How the Dirty Shirley Became the Drink of the Summer
Besides being unequivocally delicious!
If you’ve been anywhere near the Internet this summer, you stand a pretty good chance of having encountered some mention of the cocktail known as the Dirty Shirley. If not via a drink trend piece declaring this cocktail the “Drink of the Summer,” then maybe you’ve seen one of the zillions of social media posts hyping — or deriding — this vibrantly red-toned and cherry-topped drink. Better yet, you might have even found yourself at one of the many bars and restaurants serving it and wondered why it’s there (and what happened to prior-of-the-moment drinks like the Espresso Martini or hard seltzers!). Whether you’re a fan, a skeptic, or somewhere in between, it is hard to deny the drink’s current ubiquity. But why is it seemingly so popular right now?
As someone who’s spent over a decade creating, serving and writing about drinks and cocktails, I want to try to explain this phenomenon because I think there are a few forces at work here. But first, let’s back up.
A Dirty Shirley is simply a Shirley Temple with vodka. And the Shirley Temple is the most famous non-alcoholic cocktail we have. It’s a simple mixture of lemon-lime soda, grenadine and ice, topped off with a neon-red cocktail cherry. The exact origins of the drink are somewhat murky, but it is safe to say that it originated in Los Angeles in the 1930s. The titular actor has gone on record to say that she had nothing to do with the drink’s creation — and thought they were too sweet — but nonetheless the name stuck. Despite being only a few ingredients, this drink can vary widely depending on the type of soda (some use ginger ale instead of lemon-lime) as well as what type of grenadine is used. Store-bought gives that iridescent-red pop, while homemade, natural pomegranate-juice-based grenadines will taste better but look less impressive.
Somewhere along the way, someone thought to add vodka to this drink, and the Dirty Shirley was born. But how do we explain the drink’s current star turn? I propose that four key things are going on that not only explain the rise of the Dirty Shirley but are also helpful in understanding what forces shape our ever-evolving cocktail culture.
Cocktails and nostalgia go hand in hand. Back in the early days of the 21st Century cocktail renaissance, we relied on the feeling of prohibition-era hidden bars and uncovering cocktail recipes and ingredients from centuries past in order to establish a sense of legitimacy to the craft. Now that craft cocktail culture is taken more seriously, we can have a bit more fun. My first Shirley Temple was at a kitschy Chinese restaurant in the early 1990s, and I suspect that many people of drinking age have similar fond memories of this drink from their childhood. What a perfect way to revisit a carefree childhood memory while unwinding from the day’s stress than with a drink like this?
2. The Pandemic
The Dirty Shirley is a cheap, eye-catching drink that requires little explanation and little training on the part of the person making it. During the pandemic, restaurants and bars closed; workers fell ill; and many talented professionals left the industry for good. The industry was forced to adapt by reducing hours, trimming menus and getting by with less.

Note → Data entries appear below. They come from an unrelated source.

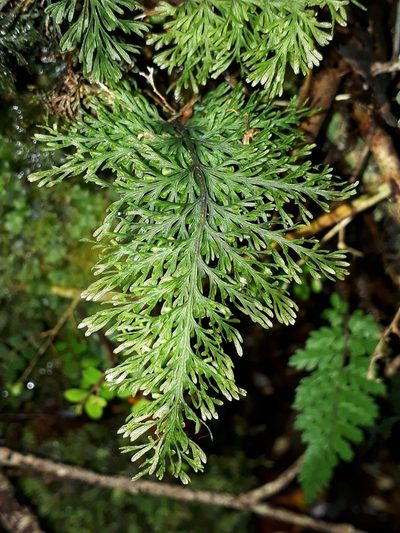Abrodictyum strictum, photographed by Leon Perrie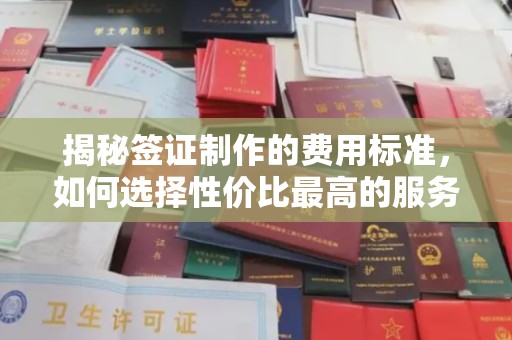 东兰揭秘签证制作的费用标准，如何选择性价比最高的服务？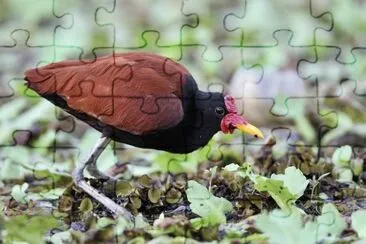Jacana jigsaw puzzle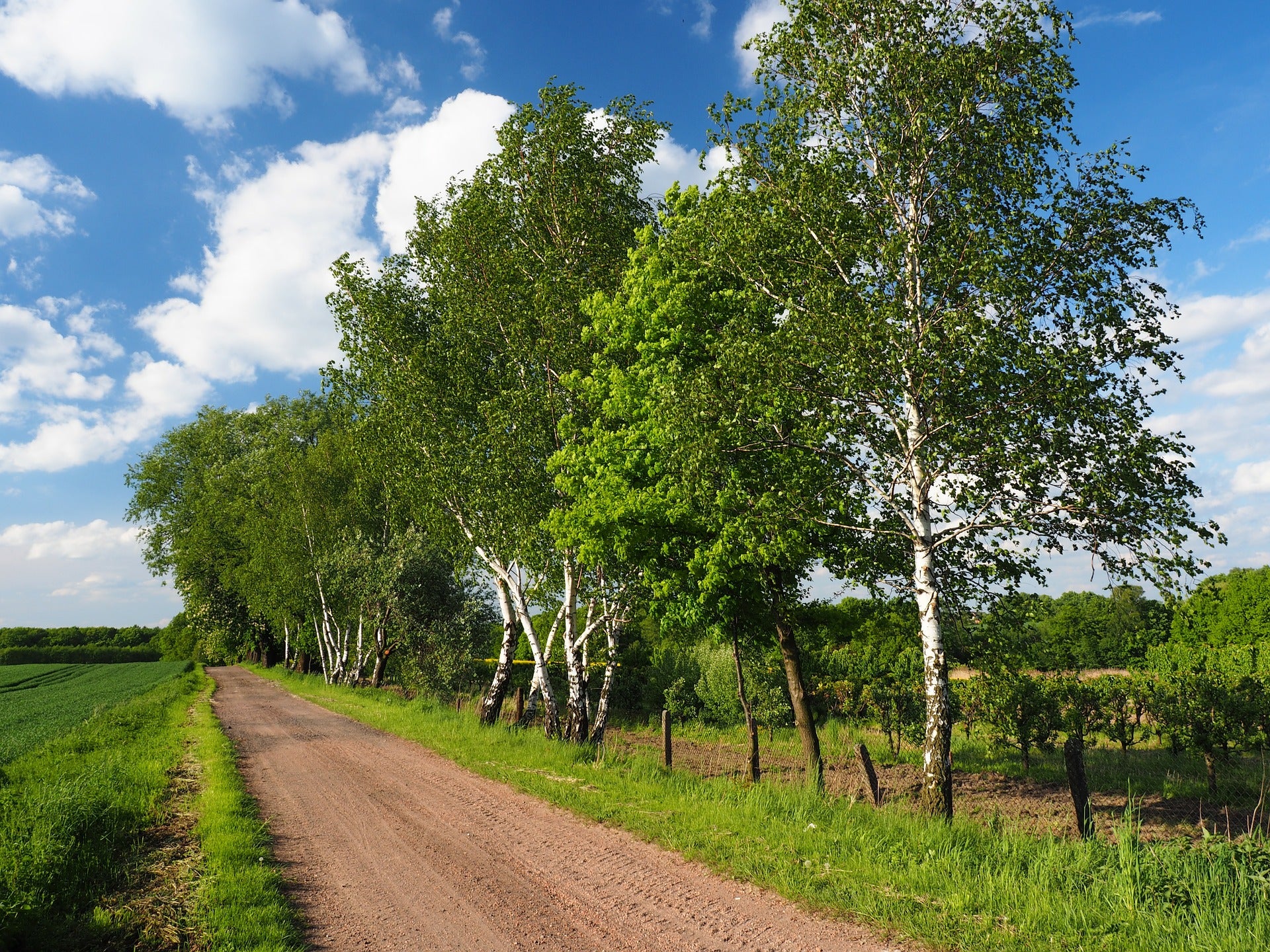 Heritage River Birch for Sale Buying & Growing Guide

3. It’s Adequately Delicious
I’m sure there are plenty of bartenders who roll their eyes at the thought of serving a Dirty Shirley, and insist that people can do better. To them I say, so what if they can? I am a huge proponent of letting people enjoy things. If made with integrity, a Dirty Shirley is a delightful, low-lift drink. Don’t like vodka? Simply swap it out for your favorite spirit; gin, tequila, rum or even whiskey would work well in vodka’s stead.
Next time you find yourself wondering why you’re seeing so much hype devoted to a given drink, keep these factors in mind. And if you’re on the fence about hopping on a bandwagon, relax, there are way too many real things to worry about besides whether or not someone approves of your cocktail choice. If you don’t like it, move on! And honestly, more often than not, things are popular for a reason — they’re good.